3.Additional Recoupment for Fraud or Misconduct. In any instance in which, in the view of the Compensation Committee, an officer engaged in an act of fraud or misconduct that contributed to the need for a financial restatement, the Compensation Committee may, in its discretion, recover and the officer shall forfeit or repay, all of the officer’s Awards for the relevant period, plus a reasonable rate of interest, in addition to any other employment action deemed appropriate, including termination of employment.

4.Not Exclusive Remedy. The recoupment of Awards pursuant to this Policy shall not in any way limit or affect the Company’s right to pursue disciplinary action or dismissal, take legal action or pursue any other available remedies.

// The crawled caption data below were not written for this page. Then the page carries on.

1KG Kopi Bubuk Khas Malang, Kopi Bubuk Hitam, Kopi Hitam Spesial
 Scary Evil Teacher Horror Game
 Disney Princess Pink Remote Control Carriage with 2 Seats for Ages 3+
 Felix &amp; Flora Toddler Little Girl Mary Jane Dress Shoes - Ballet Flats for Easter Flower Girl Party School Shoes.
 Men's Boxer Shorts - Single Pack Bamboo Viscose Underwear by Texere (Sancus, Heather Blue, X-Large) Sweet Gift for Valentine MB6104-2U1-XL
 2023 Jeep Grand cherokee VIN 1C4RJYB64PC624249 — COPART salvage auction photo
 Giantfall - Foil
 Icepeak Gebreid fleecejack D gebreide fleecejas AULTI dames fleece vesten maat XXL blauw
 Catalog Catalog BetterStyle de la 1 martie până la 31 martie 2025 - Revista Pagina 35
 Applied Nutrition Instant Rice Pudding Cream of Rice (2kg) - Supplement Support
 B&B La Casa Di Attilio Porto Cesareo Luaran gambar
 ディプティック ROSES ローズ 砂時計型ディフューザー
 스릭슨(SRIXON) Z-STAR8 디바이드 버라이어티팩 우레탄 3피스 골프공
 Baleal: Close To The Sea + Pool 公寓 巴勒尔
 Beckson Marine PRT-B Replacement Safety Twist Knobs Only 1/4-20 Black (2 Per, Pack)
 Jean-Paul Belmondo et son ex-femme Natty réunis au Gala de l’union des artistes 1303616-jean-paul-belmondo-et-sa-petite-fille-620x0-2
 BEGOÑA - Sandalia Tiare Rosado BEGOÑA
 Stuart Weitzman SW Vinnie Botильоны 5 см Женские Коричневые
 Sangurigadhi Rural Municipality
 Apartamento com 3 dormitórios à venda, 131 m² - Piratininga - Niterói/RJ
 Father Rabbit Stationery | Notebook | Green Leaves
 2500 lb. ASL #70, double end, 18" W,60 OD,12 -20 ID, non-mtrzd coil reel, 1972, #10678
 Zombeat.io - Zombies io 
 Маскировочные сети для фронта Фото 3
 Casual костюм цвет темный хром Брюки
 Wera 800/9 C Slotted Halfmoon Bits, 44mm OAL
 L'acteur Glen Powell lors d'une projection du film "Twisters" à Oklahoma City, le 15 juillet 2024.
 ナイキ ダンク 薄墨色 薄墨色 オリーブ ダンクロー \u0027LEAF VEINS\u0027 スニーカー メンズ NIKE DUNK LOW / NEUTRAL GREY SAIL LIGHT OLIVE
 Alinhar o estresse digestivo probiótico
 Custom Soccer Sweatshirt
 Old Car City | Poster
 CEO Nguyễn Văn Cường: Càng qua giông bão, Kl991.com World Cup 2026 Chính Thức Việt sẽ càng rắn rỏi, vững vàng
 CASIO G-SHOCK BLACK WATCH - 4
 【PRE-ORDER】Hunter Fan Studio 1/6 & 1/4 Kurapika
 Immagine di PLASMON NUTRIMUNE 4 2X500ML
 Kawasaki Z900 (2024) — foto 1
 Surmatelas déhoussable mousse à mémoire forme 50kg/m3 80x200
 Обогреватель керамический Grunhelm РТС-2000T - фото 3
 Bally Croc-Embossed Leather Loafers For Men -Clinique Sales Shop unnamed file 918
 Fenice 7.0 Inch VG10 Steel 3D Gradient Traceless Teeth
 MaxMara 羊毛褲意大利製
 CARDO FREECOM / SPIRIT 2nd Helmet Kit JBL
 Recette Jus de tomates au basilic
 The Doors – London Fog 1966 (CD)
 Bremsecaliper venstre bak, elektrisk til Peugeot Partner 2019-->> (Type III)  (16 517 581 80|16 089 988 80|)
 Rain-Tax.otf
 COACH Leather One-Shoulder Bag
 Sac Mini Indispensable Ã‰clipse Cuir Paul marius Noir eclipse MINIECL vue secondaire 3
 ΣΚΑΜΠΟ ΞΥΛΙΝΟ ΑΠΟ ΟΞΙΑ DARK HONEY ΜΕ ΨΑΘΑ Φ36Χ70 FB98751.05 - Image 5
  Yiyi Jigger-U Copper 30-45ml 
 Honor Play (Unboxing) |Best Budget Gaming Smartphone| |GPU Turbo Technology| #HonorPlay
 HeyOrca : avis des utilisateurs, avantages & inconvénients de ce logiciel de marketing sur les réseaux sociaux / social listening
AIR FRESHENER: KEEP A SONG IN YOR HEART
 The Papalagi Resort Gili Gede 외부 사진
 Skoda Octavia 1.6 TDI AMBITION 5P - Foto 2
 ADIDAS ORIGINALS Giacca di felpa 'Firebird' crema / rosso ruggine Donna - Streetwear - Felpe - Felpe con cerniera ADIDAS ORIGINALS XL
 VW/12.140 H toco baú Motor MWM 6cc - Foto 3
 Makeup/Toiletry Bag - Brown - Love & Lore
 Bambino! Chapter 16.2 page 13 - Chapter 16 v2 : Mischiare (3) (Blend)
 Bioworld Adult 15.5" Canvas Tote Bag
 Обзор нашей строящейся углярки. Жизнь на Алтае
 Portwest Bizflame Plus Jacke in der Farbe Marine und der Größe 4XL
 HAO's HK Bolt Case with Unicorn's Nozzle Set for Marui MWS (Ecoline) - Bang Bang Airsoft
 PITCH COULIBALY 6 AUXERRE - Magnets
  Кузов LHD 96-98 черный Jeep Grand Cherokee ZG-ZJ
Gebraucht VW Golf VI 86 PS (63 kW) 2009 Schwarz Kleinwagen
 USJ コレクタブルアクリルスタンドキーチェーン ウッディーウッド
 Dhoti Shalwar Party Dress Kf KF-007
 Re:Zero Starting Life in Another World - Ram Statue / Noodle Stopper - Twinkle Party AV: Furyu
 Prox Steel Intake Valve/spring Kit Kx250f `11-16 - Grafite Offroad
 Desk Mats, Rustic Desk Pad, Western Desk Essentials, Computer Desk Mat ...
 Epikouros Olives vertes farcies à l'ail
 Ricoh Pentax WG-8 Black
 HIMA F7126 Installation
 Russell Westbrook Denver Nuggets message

5.Incorporation of Policy. Each officer of the Company shall execute an agreement providing that any Awards granted to such officer on or after the original effective date of this Policy, being February 17, 2009, shall be subject to this Policy. Additionally, the Company, in its discretion, may incorporate the requirements of this Policy into any applicable company incentive plan, award statement, award agreement or terms and conditions of any Awards made by the Company. The Company may amend Appendix A from time to time as necessary to reflect the then current Executive Officers, but no such amendment will release any former officer from being subject to this Policy.

History: Adopted February 17, 2009; Amended and Restated June 18, 2013; Amended and Restated February 24, 2014.